De vez en cuando hay que salir a la calle y buscar un refugio, hay que cambiar los hábitos cotidianos, aunque solo sea por unas horas, el tiempo necesario para respirar más hondo, para mirar el mismo paisaje de siempre tamizado por otra luz, para escuchar disimulados por un rumor casi imperceptible los mismos sonidos. Lo que descubre uno paseando por el centro de Cartagena en una tarde de lluvia lenta y ligera no es la sensación que durante toda su vida le ha atribuido sórdidamente a los días de lluvia, la lasitud que la apariencia plomiza del ambiente le impone al estado de ánimo, el peso del cielo demasiado bajo que se carga sobre los hombros, la niebla que se interpone por delante de los horizontes de la ciudad: lo que descubre es un ancho paisaje de ciudad desconocida y en calma, una belleza de calles deshabitadas que a uno le hacen pensar en el enigma persistente e inapreciable de los lugares que nadie ve, que nadie sale a disfrutar, porque casi todo el mundo está resguardado de la lluvia en sus casas y no se da cuenta de que el verdadero refugio está afuera.

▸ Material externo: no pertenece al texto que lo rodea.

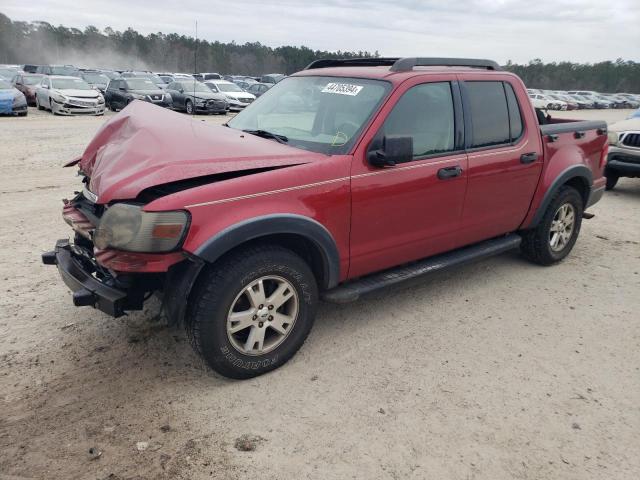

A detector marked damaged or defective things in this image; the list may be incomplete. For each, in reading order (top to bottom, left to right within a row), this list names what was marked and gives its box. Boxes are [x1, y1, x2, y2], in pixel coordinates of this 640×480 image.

crumpled hood [78, 101, 324, 202]
broken front bumper [42, 238, 139, 316]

La lluvia acude a Cartagena todos los comienzos de primavera con una exactitud metódica, con una pulcra puntualidad de lluvia londinense, que va cayendo y encharcando las calles y deja el aire limpio y preparado para los mejores atardeceres del año, que llegarán al final de la primavera. Cuando camina uno por las losas de mármol de la calle Mayor y ve en el suelo el reflejo de los edificios descubre, no sin sorpresa, con una ligera sensación de entusiasmo, que la misma ciudad en la que vive resulta ser la más desconocida de las ciudades, y que una travesía corta desde la calle del Carmen y su plaza de amplitudes modernistas hasta la grisura infinita del puerto resulta ser una expedición y un ejercicio cultural para la mirada, un viaje inesperado en el que pasear y mirar lo convierten a uno en uno de esos turistas solitarios y un poco espectrales que observan cualquier pormenor con la misma inquietud y devoción inagotable que en cualquiera de sus viajes.